Repeat the stretch of entries below from the line with "라이트 그린 워크 팬츠 셔츠 (3세트)" through the line with "DAVID GOODROE'S DESIGNS FOR LIVING logo". Include both ends and add nothing.

[Records from a data source]
* * * * * * * * *

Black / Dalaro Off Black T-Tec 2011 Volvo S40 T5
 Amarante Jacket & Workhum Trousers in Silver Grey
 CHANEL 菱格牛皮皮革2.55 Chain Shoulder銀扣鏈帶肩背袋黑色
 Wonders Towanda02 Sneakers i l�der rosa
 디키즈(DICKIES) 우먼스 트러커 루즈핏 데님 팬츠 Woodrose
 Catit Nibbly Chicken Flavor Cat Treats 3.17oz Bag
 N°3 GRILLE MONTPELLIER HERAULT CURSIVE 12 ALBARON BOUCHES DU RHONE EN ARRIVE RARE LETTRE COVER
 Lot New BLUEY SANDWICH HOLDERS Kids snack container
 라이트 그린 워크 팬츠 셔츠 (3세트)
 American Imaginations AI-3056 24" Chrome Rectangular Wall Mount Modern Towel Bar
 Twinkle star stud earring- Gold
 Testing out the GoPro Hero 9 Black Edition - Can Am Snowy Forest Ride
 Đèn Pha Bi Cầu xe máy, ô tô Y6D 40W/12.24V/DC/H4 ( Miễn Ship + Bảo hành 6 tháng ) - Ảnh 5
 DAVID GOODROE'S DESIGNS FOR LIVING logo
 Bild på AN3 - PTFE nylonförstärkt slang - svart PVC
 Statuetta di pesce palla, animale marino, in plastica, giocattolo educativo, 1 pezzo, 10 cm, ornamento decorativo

* * * * * * * * *

> [Task result]:
 라이트 그린 워크 팬츠 셔츠 (3세트)
 American Imaginations AI-3056 24" Chrome Rectangular Wall Mount Modern Towel Bar
 Twinkle star stud earring- Gold
 Testing out the GoPro Hero 9 Black Edition - Can Am Snowy Forest Ride
 Đèn Pha Bi Cầu xe máy, ô tô Y6D 40W/12.24V/DC/H4 ( Miễn Ship + Bảo hành 6 tháng ) - Ảnh 5
 DAVID GOODROE'S DESIGNS FOR LIVING logo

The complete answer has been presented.